- Opening Delimiter -

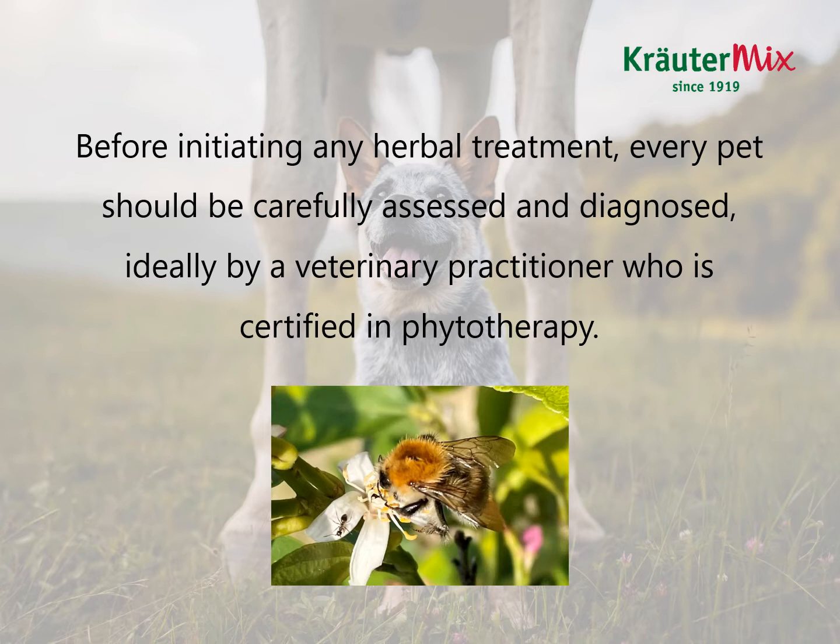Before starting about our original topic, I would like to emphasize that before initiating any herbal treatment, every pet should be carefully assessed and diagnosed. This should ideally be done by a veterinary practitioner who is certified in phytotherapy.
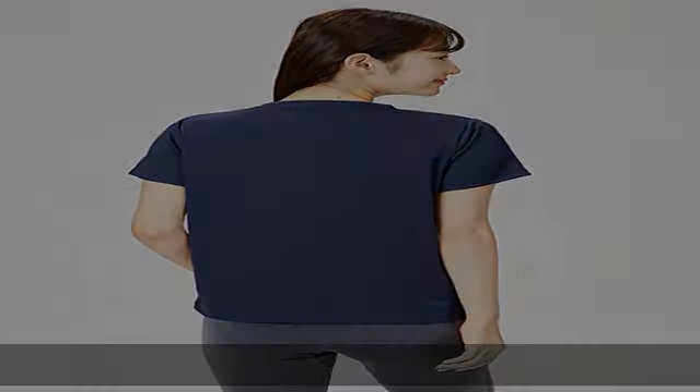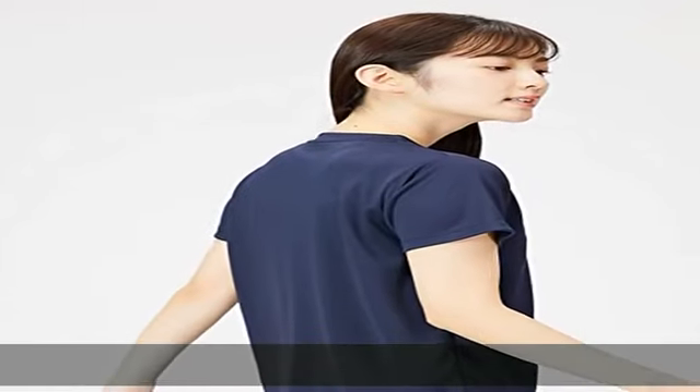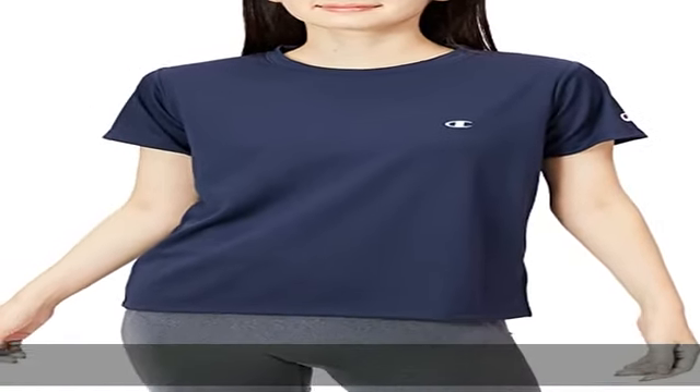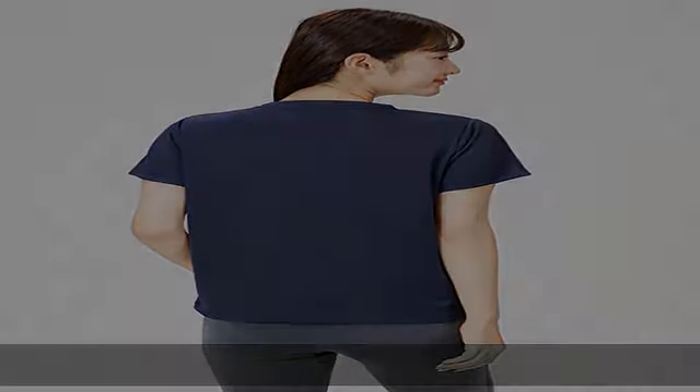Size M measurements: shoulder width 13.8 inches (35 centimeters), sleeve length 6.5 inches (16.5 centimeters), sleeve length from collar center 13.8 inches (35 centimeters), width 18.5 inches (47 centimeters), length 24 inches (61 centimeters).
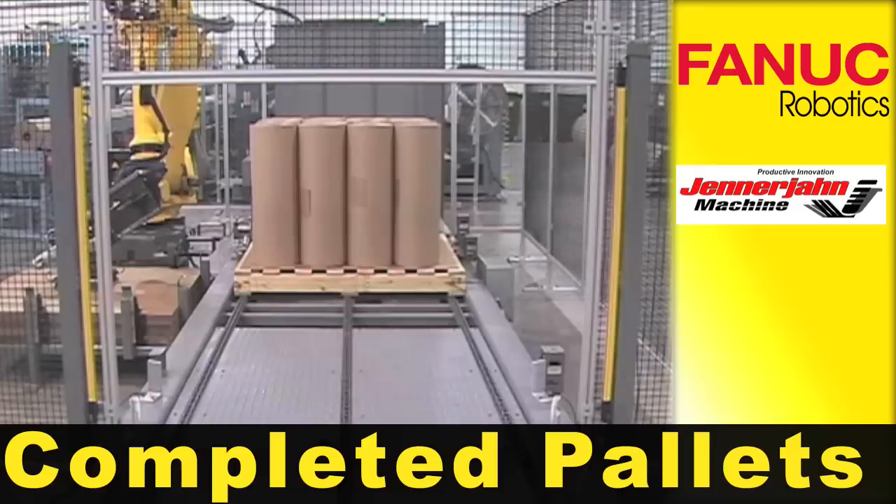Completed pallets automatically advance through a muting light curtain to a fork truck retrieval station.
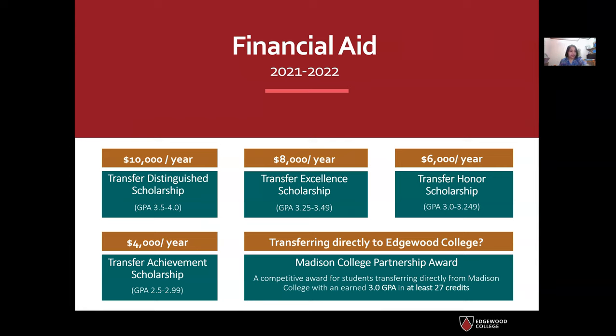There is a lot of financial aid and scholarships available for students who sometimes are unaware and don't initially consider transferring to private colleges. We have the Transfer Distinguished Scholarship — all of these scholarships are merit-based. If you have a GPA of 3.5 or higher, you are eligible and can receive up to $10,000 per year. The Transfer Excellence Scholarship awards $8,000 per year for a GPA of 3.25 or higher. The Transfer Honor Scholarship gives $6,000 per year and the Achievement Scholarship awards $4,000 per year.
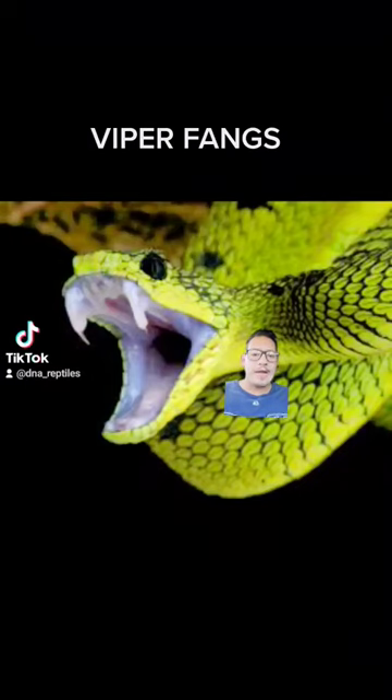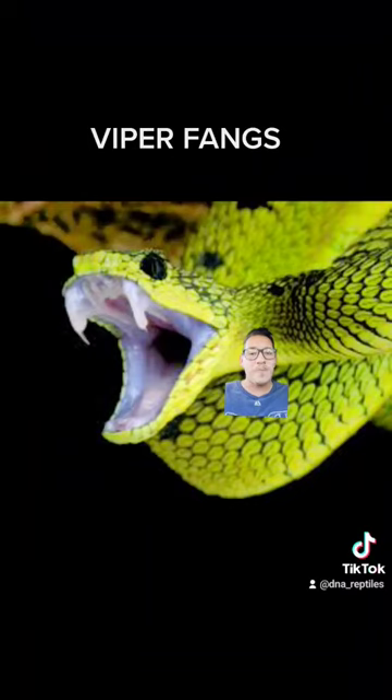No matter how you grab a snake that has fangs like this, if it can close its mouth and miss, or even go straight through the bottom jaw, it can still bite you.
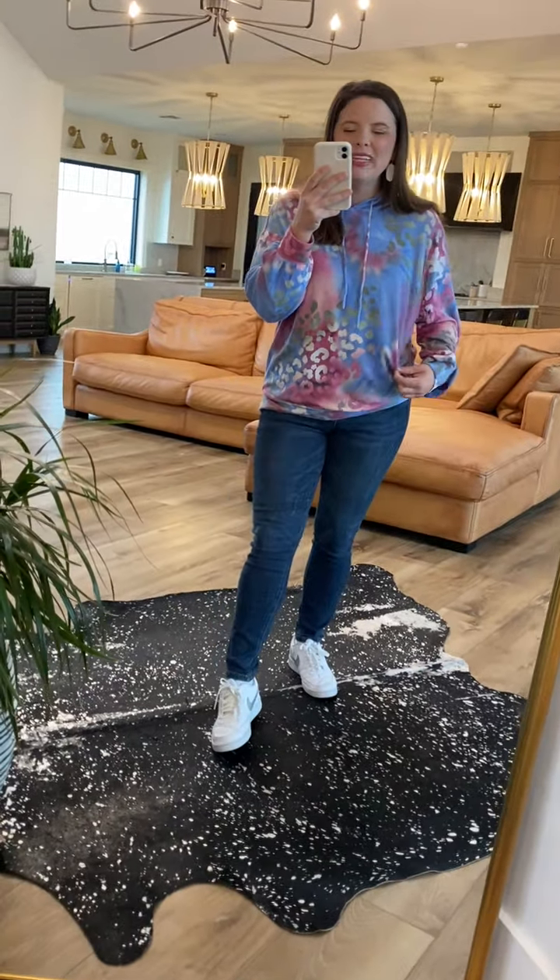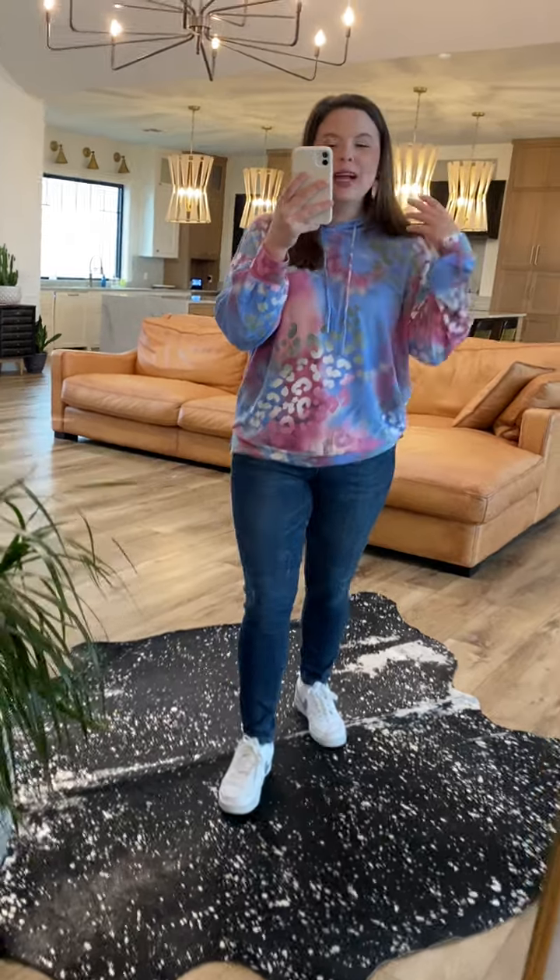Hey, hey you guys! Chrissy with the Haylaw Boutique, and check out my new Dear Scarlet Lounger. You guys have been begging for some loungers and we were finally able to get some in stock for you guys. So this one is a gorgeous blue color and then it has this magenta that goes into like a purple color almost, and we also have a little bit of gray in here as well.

- Closing Delimiter -

Instructions to follow: May I have only the lines from the start of the data through the line containing "Size M measurements: shoulder", both included, reproduced exactly and without the pictures?

Response for this exercise:
Before starting about our original topic, I would like to emphasize that before initiating any herbal treatment, every pet should be carefully assessed and diagnosed. This should ideally be done by a veterinary practitioner who is certified in phytotherapy.
Size M measurements: shoulder width 13.8 inches (35 centimeters), sleeve length 6.5 inches (16.5 centimeters), sleeve length from collar center 13.8 inches (35 centimeters), width 18.5 inches (47 centimeters), length 24 inches (61 centimeters).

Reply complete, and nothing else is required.